==== Dataset content

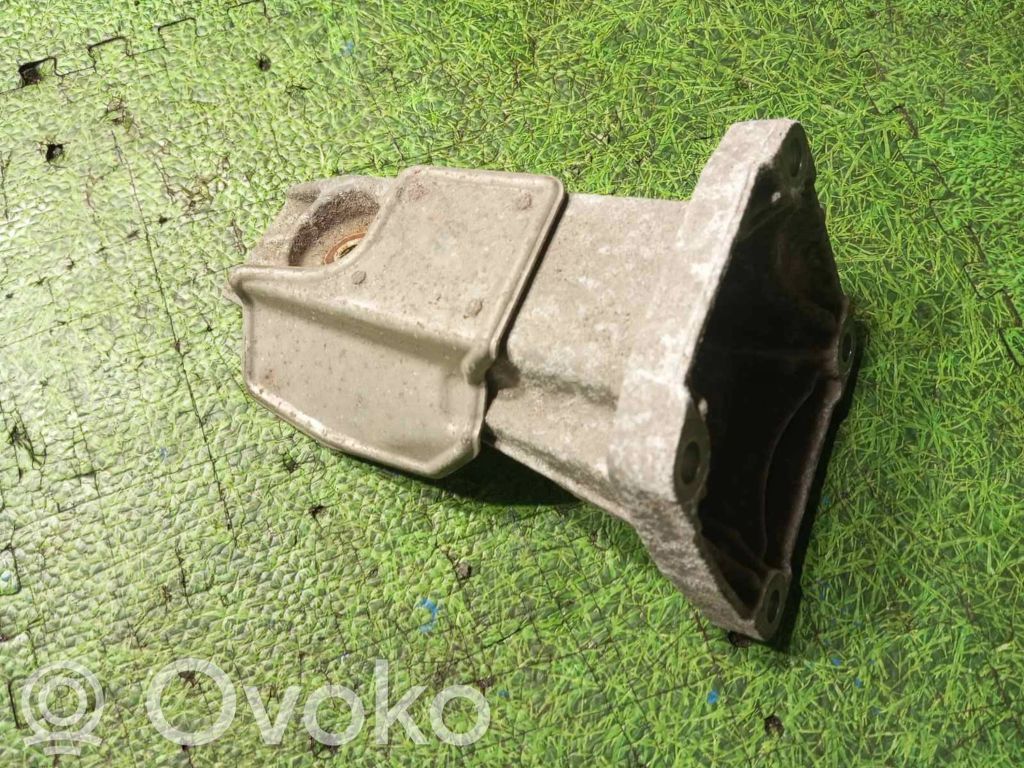Engine mounting bracket   2282633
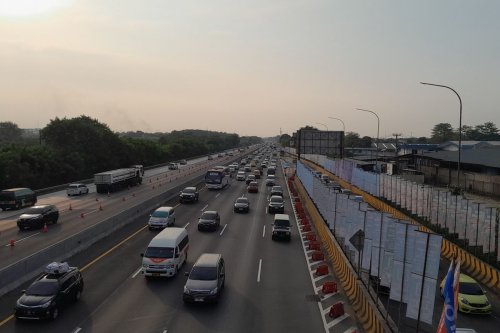 Lonjakan Puncak Mudik, 387.451 Kendaraan Melintas di GT Cikampek Utama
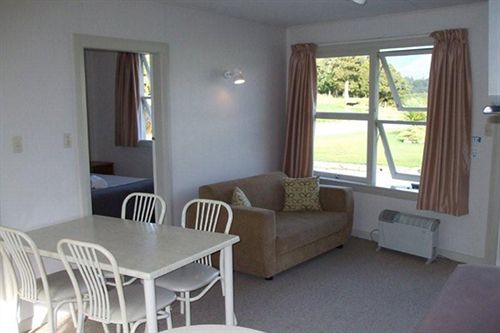 Glacier View Motel 8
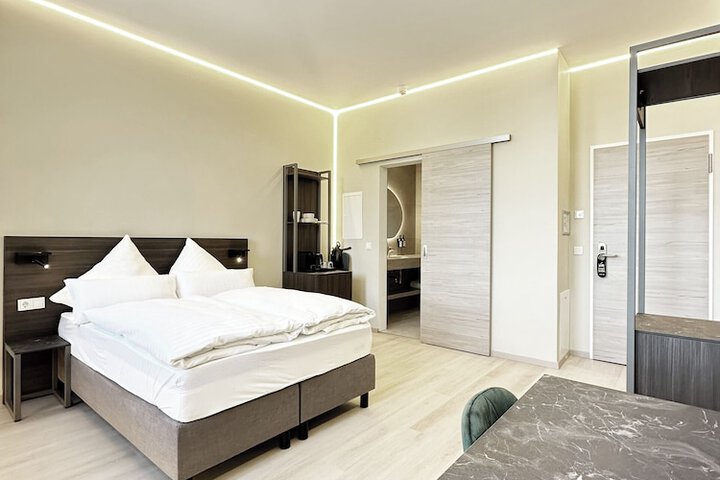 Room 12 of 75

========

Work to be completed: If pictures appear in the data, omit them and copy all other parts exactly.

Written response:
Engine mounting bracket   2282633
 Lonjakan Puncak Mudik, 387.451 Kendaraan Melintas di GT Cikampek Utama
 Glacier View Motel 8
 Room 12 of 75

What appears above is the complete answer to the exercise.